Ishtar was so widely regarded as a folly attributable to producer and co-star Warren Beatty that May’s own role in the proceedings — apart from her perfectionist bent to shoot many retakes — was largely overlooked. Though a lesser work than the May features preceding it, it has the most bite as a satire with political implications — a trait carried over somewhat in her script for The Birdcage. Indeed, it might have been an unconscious recoil from those implications in Ishtar that provoked part of the public’s scorn. It’s a movie, after all, about the idiocy of America blundering its way through the Third World, and about the conflation of show business with foreign policy that, halfway through Reagan’s second term, couldn’t have been more apposite. The film actually ends with a show-biz agent — Marty Freed (Jack Weston) in the above quote — negotiating a peace settlement in the Middle East with the CIA (Charles Grodin) as part of a global entertainment deal for his two clients.

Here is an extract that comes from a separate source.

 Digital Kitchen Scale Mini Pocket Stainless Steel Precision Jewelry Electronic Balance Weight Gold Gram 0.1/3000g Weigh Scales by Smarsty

Yet the fact that May clearly loved her oafish heroes (Beatty and Dustin Hoffman) in spite of everything — both miserably untalented songwriters, as helplessly naïve as the botanist in A New Leaf, the Jewish wife in The Heartbreak Kid, and Nicky in Mikey and Nicky — only made the mixture more unpalatable for most critics, who presumably would have been much happier with the misanthropy of a Stanley Kubrick. As Ishtar‘s theme song, penned and performed by the dunce heroes, aptly puts it, “Telling the truth can be a dangerous business, /Honest and popular don’t go hand in hand, /if you admit that you can play the accordion, /No one will hire you in a rock ‘n’ roll band.” For all its limitations, Ishtar is May’s touching admission that she can play the accordion; let’s hope she’ll get more chances to play it.

Written By, August 1997

Notes (added July 4, 2010)

*May told me at our June 27 meeting that much of the biographical information that circulates about her is false, mainly due to her own idle inventions to the press over the years. She said that she was actually born in Chicago, and further suggested that the story about her growing up in the Yiddish theater was not strictly accurate.

**May mentioned that her first choice for the male lead was actually Christopher Plummer (whose agent turned the part down before Plummer heard about it), and that she wound up playing the female lead largely because she wanted to avoid the studio’s own casting suggestions  (which included Carol Channing). She described the murder of Weston as the funniest thing she ever saw Matthau do (and told me she doesn’t know if the footage of this scene still exists), and added that this scene was cut because the Production Code wouldn’t allow his character to get away with murder.